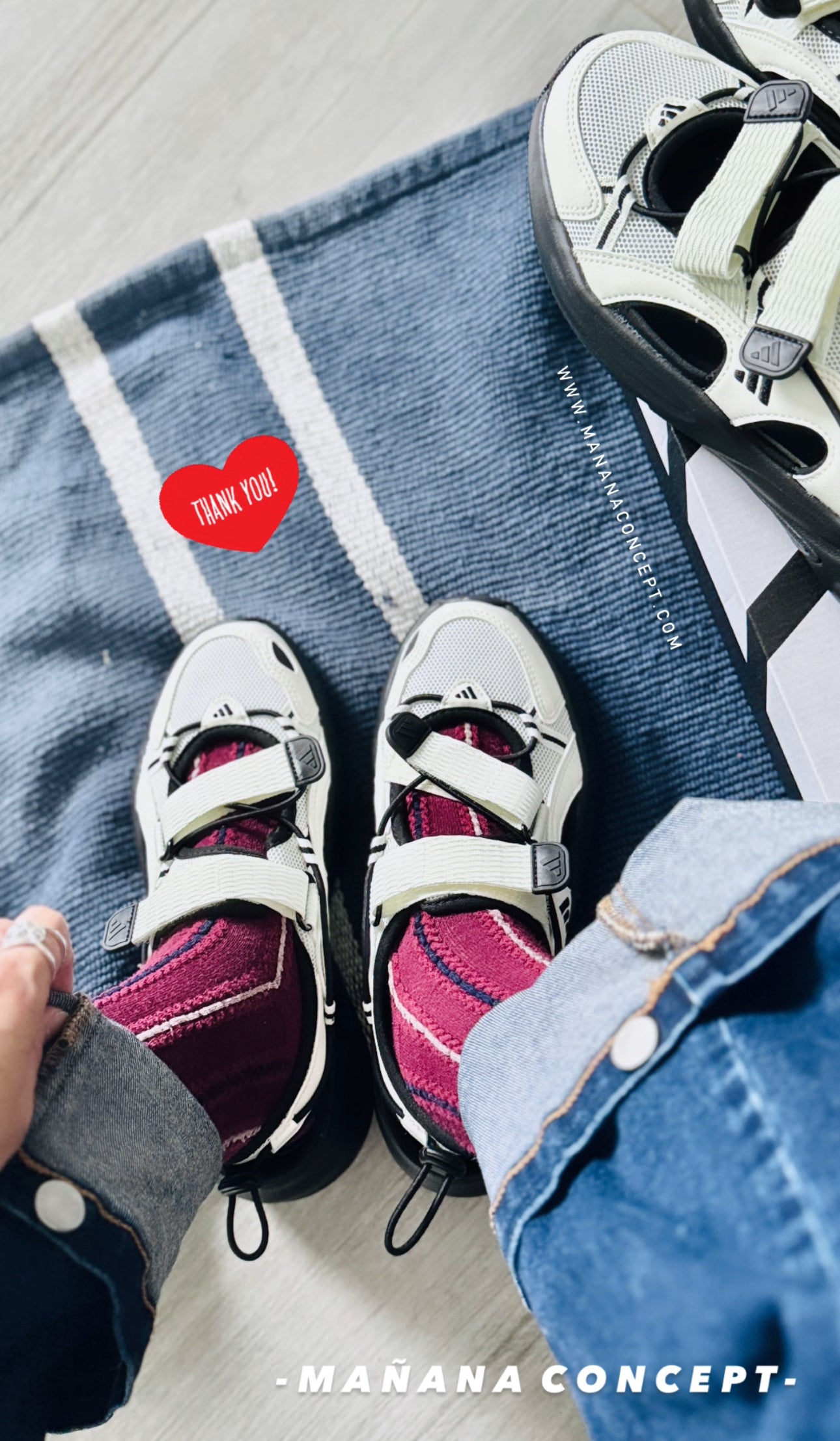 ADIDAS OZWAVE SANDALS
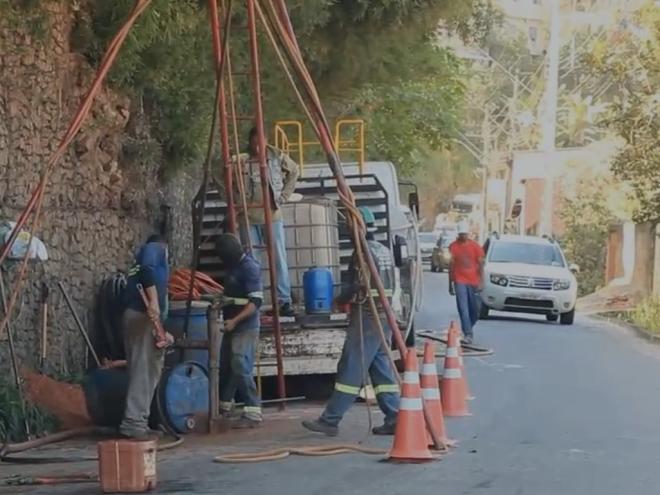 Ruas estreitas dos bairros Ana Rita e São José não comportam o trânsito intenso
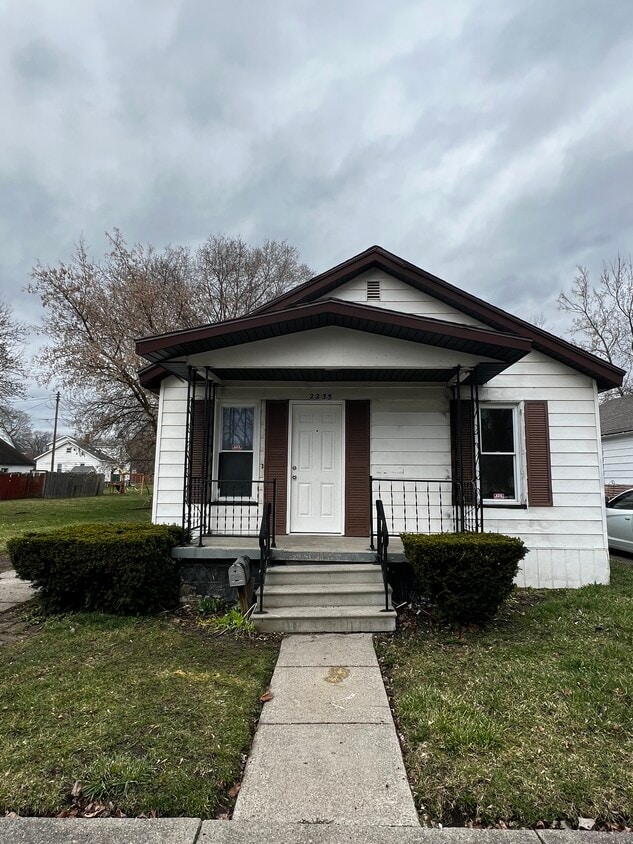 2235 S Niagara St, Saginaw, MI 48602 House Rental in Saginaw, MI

- - - -

> _REQUIREMENT_: Restate each line of the material word for word, skipping any picture.

> _RESPONSE TO THE EXERCISE_:
 ADIDAS OZWAVE SANDALS
 Ruas estreitas dos bairros Ana Rita e São José não comportam o trânsito intenso
 2235 S Niagara St, Saginaw, MI 48602 House Rental in Saginaw, MI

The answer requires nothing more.